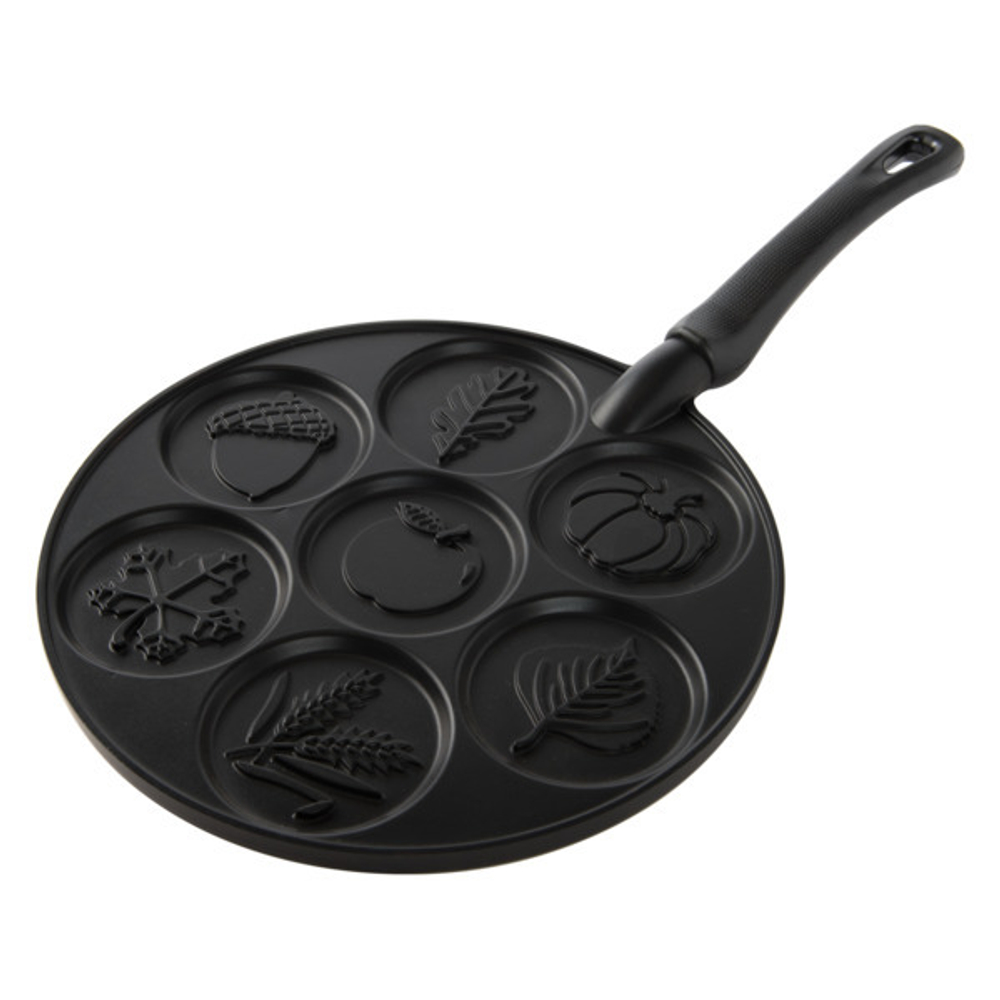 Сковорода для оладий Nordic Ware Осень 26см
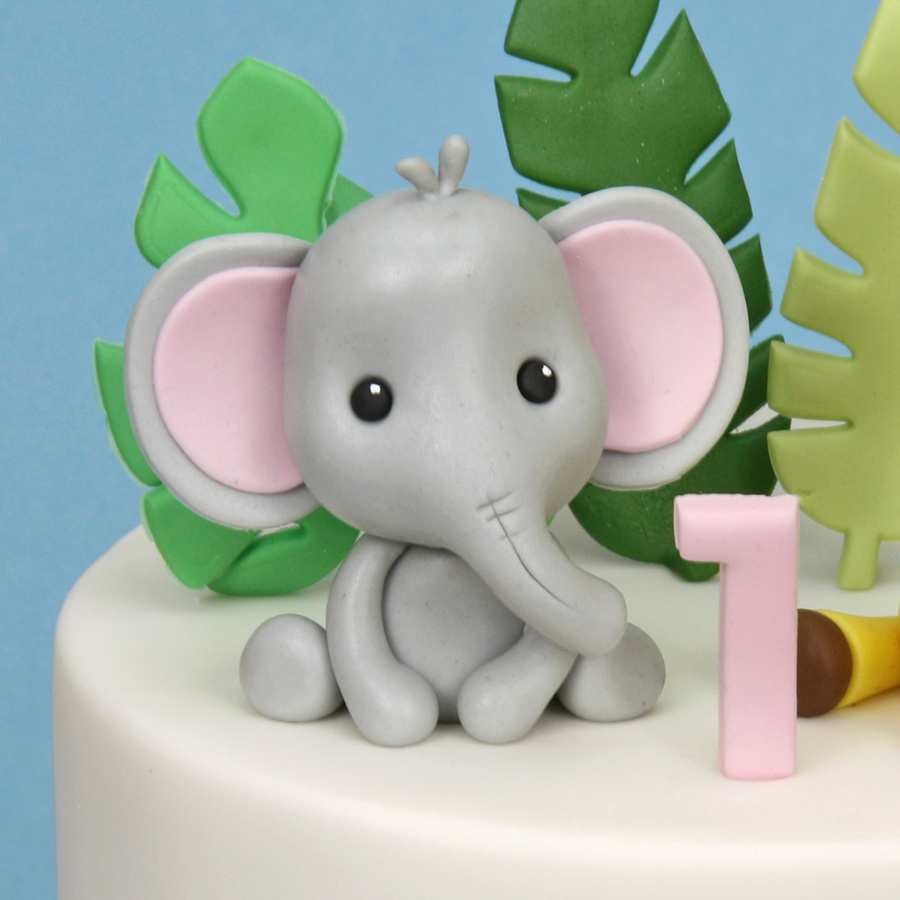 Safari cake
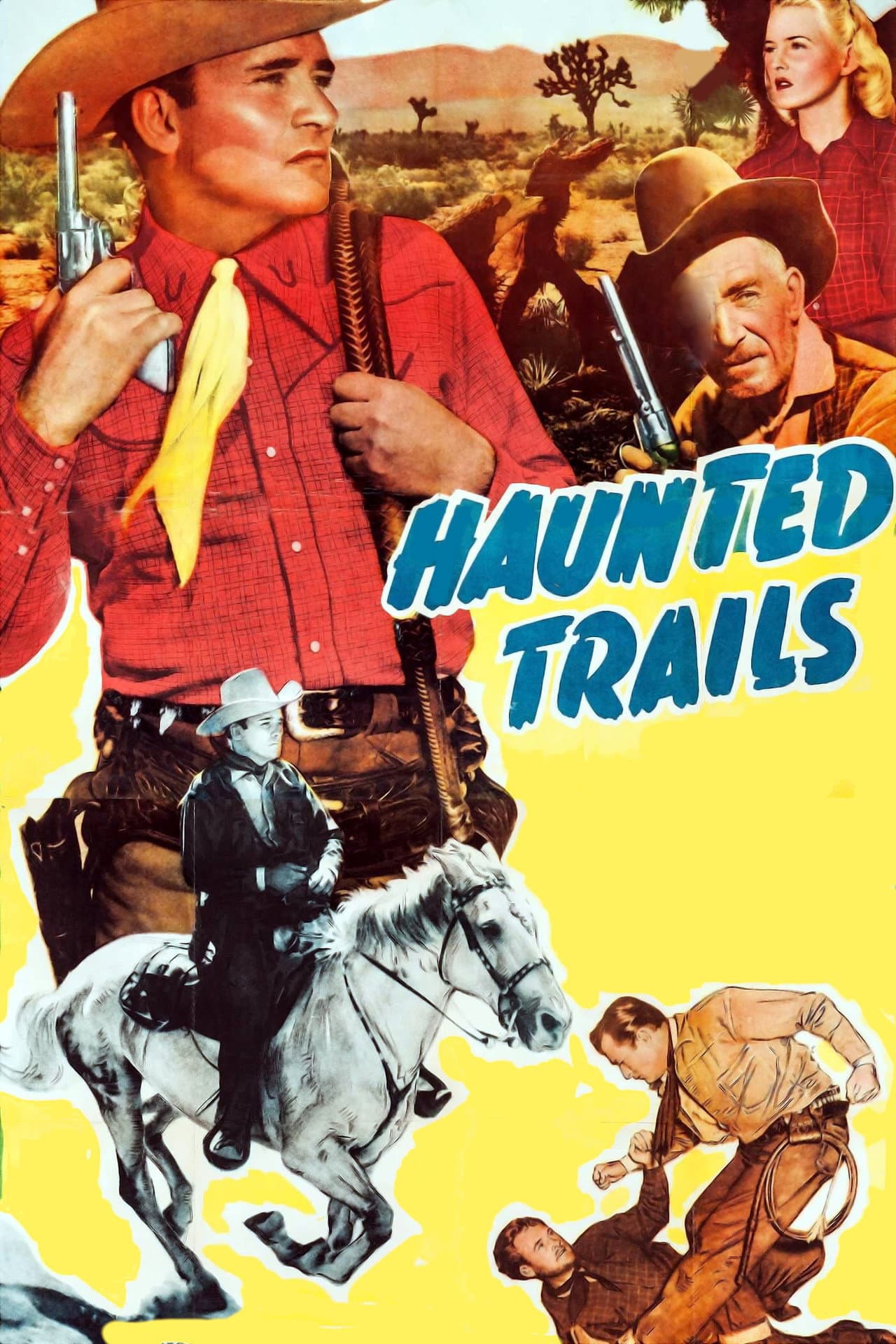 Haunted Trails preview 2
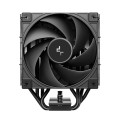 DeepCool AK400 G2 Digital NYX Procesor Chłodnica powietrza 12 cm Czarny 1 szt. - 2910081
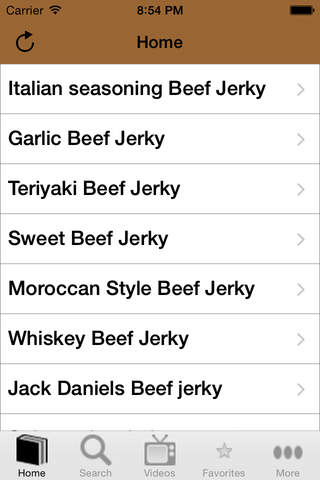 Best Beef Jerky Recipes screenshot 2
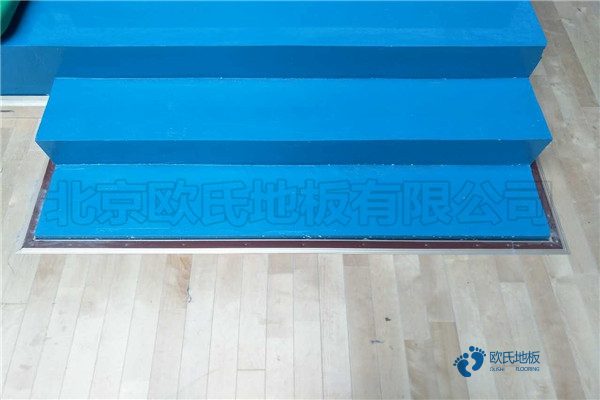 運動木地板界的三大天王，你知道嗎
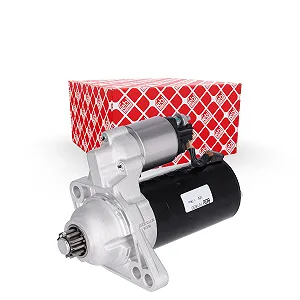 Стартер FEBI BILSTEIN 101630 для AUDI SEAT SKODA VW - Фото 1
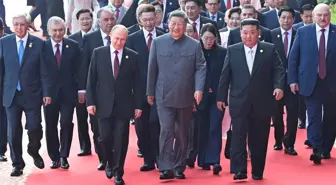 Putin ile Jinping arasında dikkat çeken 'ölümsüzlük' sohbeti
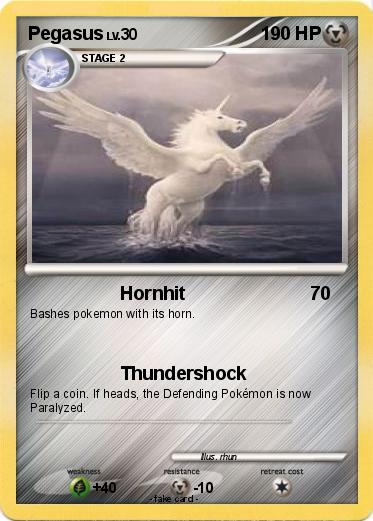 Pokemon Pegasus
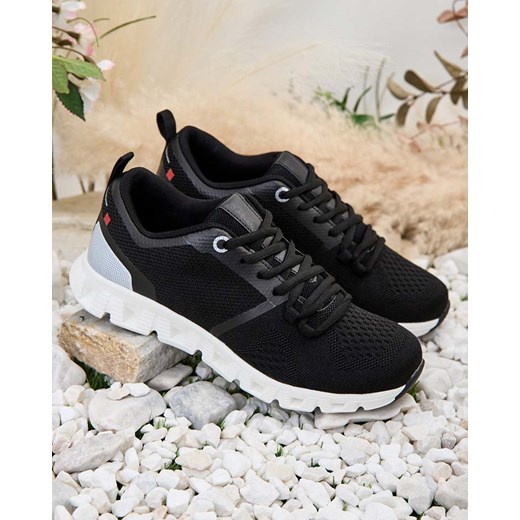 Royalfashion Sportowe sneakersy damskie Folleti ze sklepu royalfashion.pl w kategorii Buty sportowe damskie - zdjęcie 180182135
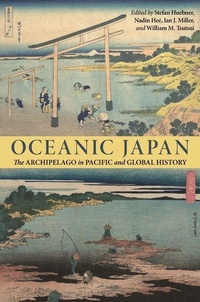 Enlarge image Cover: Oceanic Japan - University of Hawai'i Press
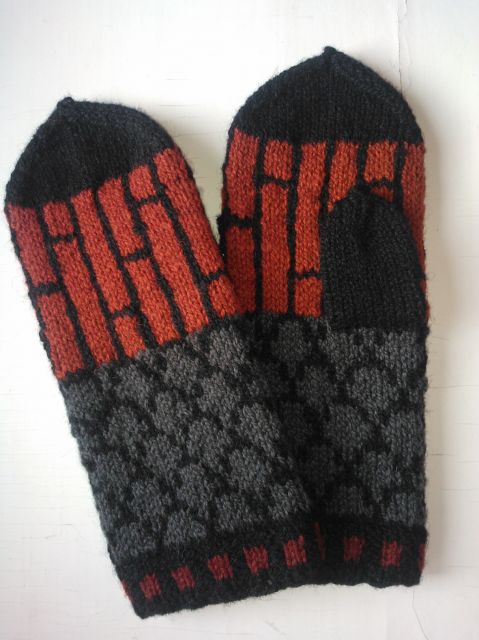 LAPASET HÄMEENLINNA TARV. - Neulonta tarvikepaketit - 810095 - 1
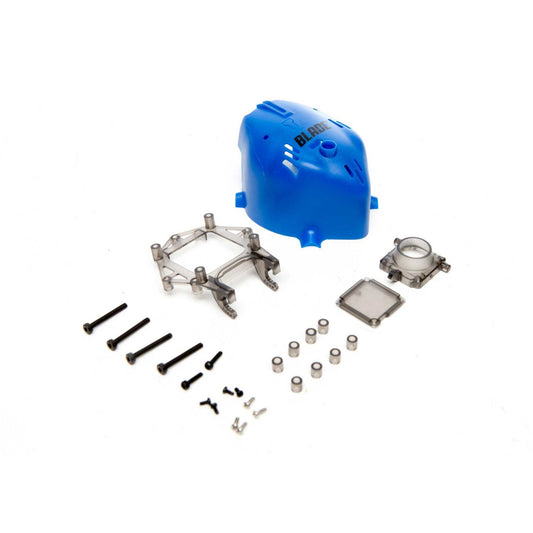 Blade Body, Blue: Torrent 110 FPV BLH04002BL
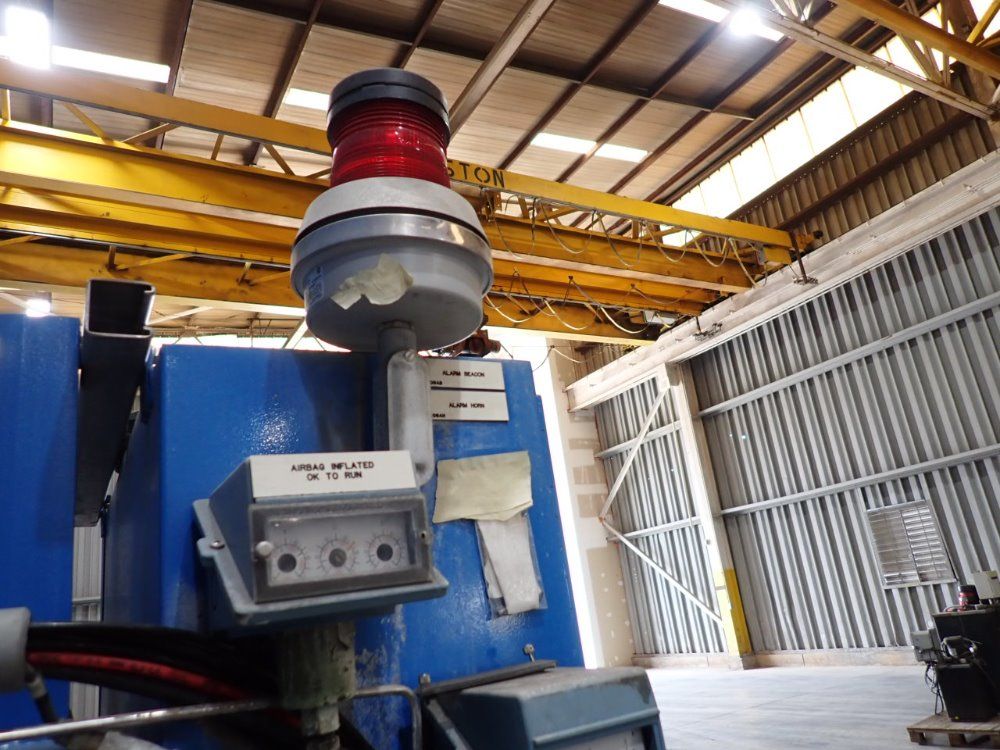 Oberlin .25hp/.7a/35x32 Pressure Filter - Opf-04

____

- [WHAT TO WORK ON] When the listing is transcribed, every line must match the original exactly, and the pictures must be left out.

- [TASK SOLUTION]
 Сковорода для оладий Nordic Ware Осень 26см
 Safari cake
 Haunted Trails preview 2
 DeepCool AK400 G2 Digital NYX Procesor Chłodnica powietrza 12 cm Czarny 1 szt. - 2910081
 Best Beef Jerky Recipes screenshot 2
 運動木地板界的三大天王，你知道嗎
 Стартер FEBI BILSTEIN 101630 для AUDI SEAT SKODA VW - Фото 1
 Putin ile Jinping arasında dikkat çeken 'ölümsüzlük' sohbeti
 Pokemon Pegasus
 Royalfashion Sportowe sneakersy damskie Folleti ze sklepu royalfashion.pl w kategorii Buty sportowe damskie - zdjęcie 180182135
 Enlarge image Cover: Oceanic Japan - University of Hawai'i Press
 LAPASET HÄMEENLINNA TARV. - Neulonta tarvikepaketit - 810095 - 1
 Blade Body, Blue: Torrent 110 FPV BLH04002BL
 Oberlin .25hp/.7a/35x32 Pressure Filter - Opf-04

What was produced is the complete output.